January 10, 2023, our Tuesday Luncheon at the Sarasota Yacht Club brings us Anne Essner, Chair of Architecture Sarasota plus the new Executive Director. She will speak about our architectural treasures here in Sarasota and the plans of Architecture Sarasota. Sarasota is one of the leading sites for landmark midcentury modern architecture. I expect the visual part of this talk to be memorable, plus YCS is getting one of the earliest glimpses of the new Executive Director, Marty Hylton.

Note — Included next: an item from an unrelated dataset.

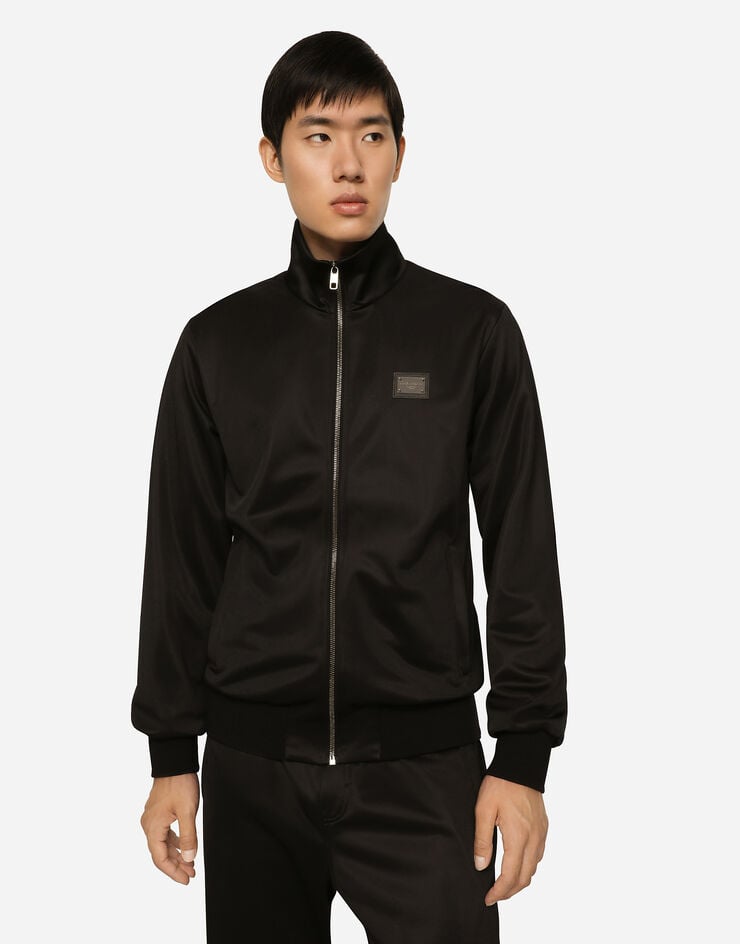 Dolce & Gabbana Sudadera de punto técnico con cremallera y placa con logotipo Descuento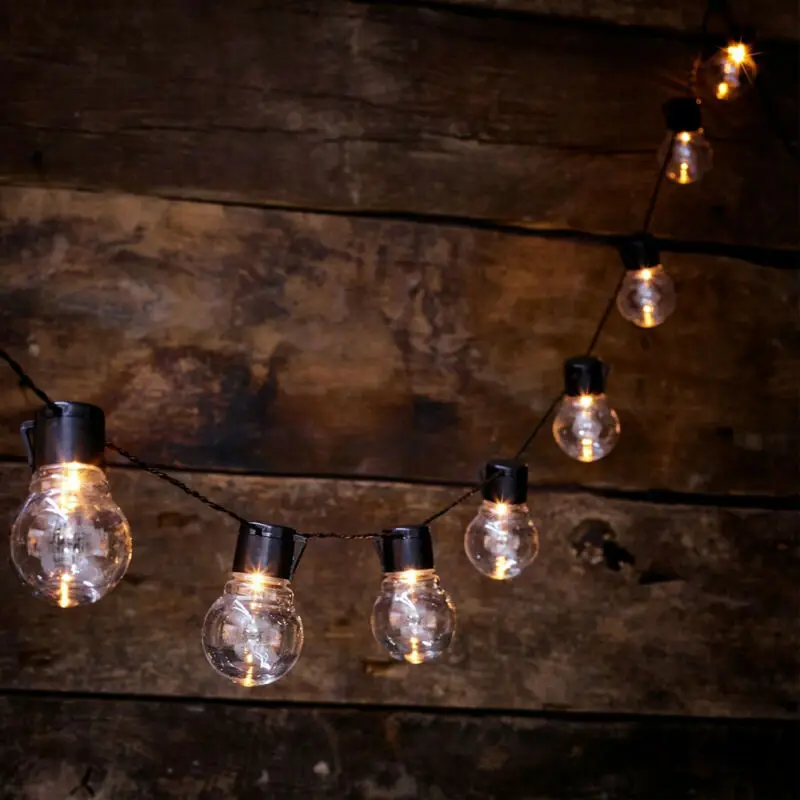 

Solar Powered Retro Bulb String Lights For Garden Outdoor Fairy Summer Lamp US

Morris (Marty) Hylton has more than 25 years experience documenting, interpreting, and advocating for the protection and conservation of cultural heritage. Trained as an architect and historic preservationist, Marty specializes in closely collaborating with community residents and help raise awareness and address the distinct conservation challenges of the 20th century heritage, particularly sites and buildings of the post-World War II era.
Like Paul Rudolph, Marty is a native of Kentucky. He attended the University of Kentucky where he received, in 1996, both a Bachelor of Architecture (five-year degree) and Bachelor of Arts in Art History with a concentration in mid-20th century art and architecture(ca.1945-1980). In 1998, he received his Master of Science in Historic Preservation from Columbia University where his thesis explored the challenges of preserving modernist schools built after the Second World War. He practiced architecture with a focus on preservation planning and rehabilitation during and after graduate school before becoming the strategic Initiatives Manager for the World Monuments Fund (WMF) – an international non-profit with a mission of saving endangered heritage globally.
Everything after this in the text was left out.